What else? We made peanut butter ball ladybugs for a birthday party at ChuckECheese. Colin, who loves to bake more than anything sagely told me as he manned the mixer of peanut butter, "well, I can't turn it on yet, because you can't mix something if it's the only thing in the bowl. Then it wouldn't be MIXING, it would just be SMOOSHING." I fear for this child's future teachers and hope they all have good psychiatric help. I know I need it dealing with him and his noble, yet irritating, insistence on precision. Today, we had a blast at a graduation party for our favorite babysitter, Hannah, who had the nerve to get a swimming scholarship to college in PENNSYLVANIA, not exactly close enough to come home and watch the boy-os. So, while we're happy for her (and shocked how old she is, as I used to be HER nanny until I went to college), we're going to miss her--a lot! Our other favorite babysitter, Holly, is also going away to school in ALASKA. Does no one go to community college anymore? I'm going to be out of a job if people don't stick closer to home--not to mention out of date nights!

I have to say, the boys did a nice job with rolling these out into balls. And their favorite part: digging through a one-pound vat of jellybeans to sort out only the black ones. Who said learning can't be delicious?

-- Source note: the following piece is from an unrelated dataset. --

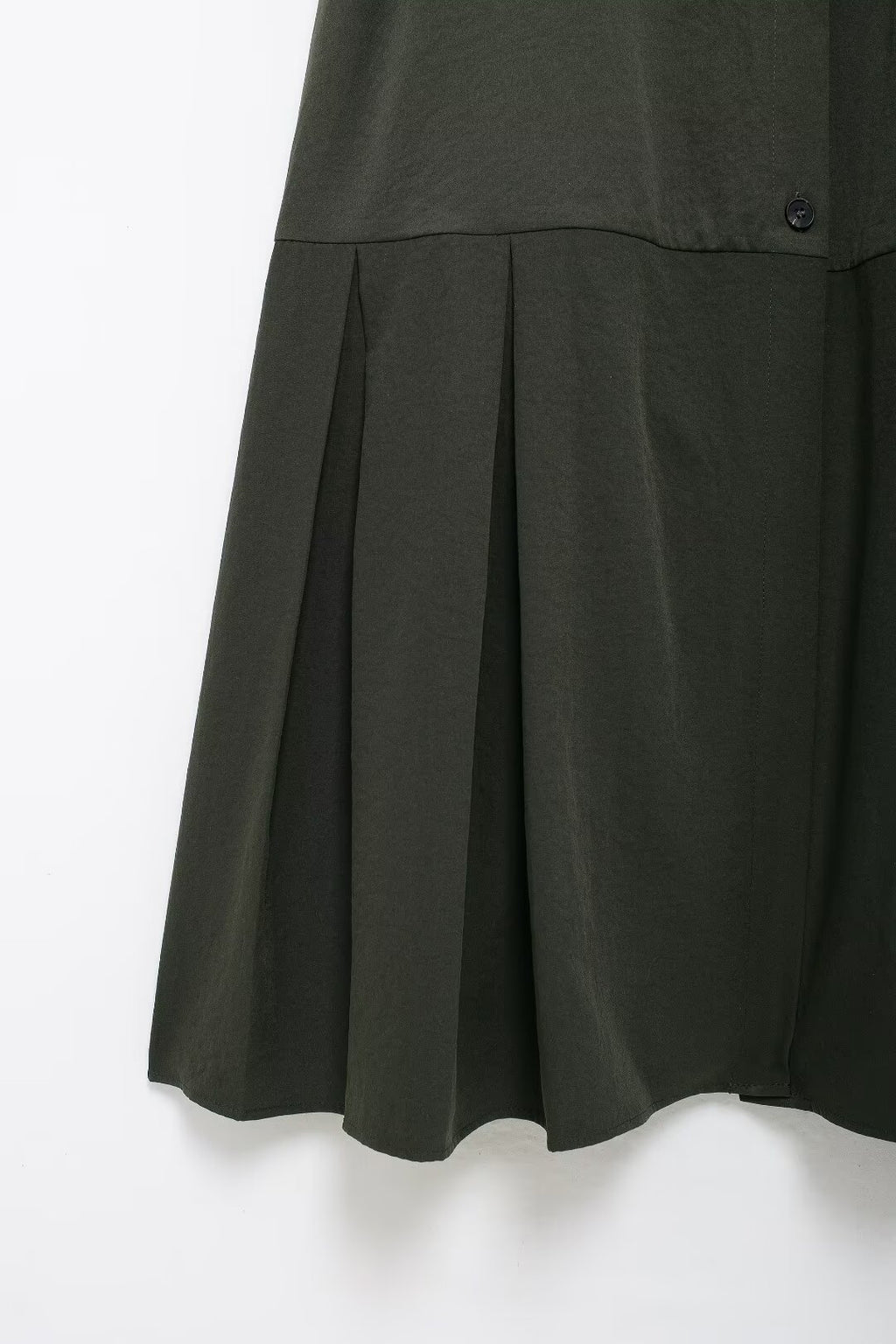 Women's Belted Pleated Long-Sleeve Shirt Maxi Dress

Oh, Liam. I just find myself saying that all the time. At his three year checkup a few weeks back, our pediatrician asked: "Can he put a shirt on by himself?" Uh, yeah. And socks, pants, underpants and a tie too. Every morning at 6am, Liam wakes my (by tapping incessantly, yet gently, on my face). "Mama, can you do my button, I all dressed by mine self!" Yes, he picks out his own clothes, can't you tell? Two things I don't understand about boys' clothes though: 1) who puts buttons instead of snaps on 3 year old pants? They are impossibly at odds with potty-training, not to mention my sleep schedule. 2) Why do they put the cool picture on the BACK of boys' briefs and not the front? Now that I'm TRYING to get Liam to actually put on underpants, he does, but always backwards "so I can see Superman" was the reasoning I got today. Oy vey. Today he got another lesson in clothing. He was patting my back and felt my bra strap and asked what it was and what it was for. "Holding my boobs up!" I replied. Then he went up to Colin's room and said: "Colin, Mama has a booby strap!" which was just TOO funny because all week they've been into making "booby traps" which I think they got from watching Scooby Doo. "Those meddling kids" use them a lot to trap the bad guys, I think. So, all over the house, I find piles of random toys, books, etc that the kids tell me are "Booby traps". Mostly they are there to trip me up and keep Eamon from getting to whatever they are playing.

3 comments:

cmarnold said...

Wait a second...my iPod earphones???

Anonymous said...

btw...i have a replacement pan for you on those ladybugs....

meg said...

did Dad make it home safe and sound? Matt says we will come out and help construct...by that I assume he means they construct and you and I watch!!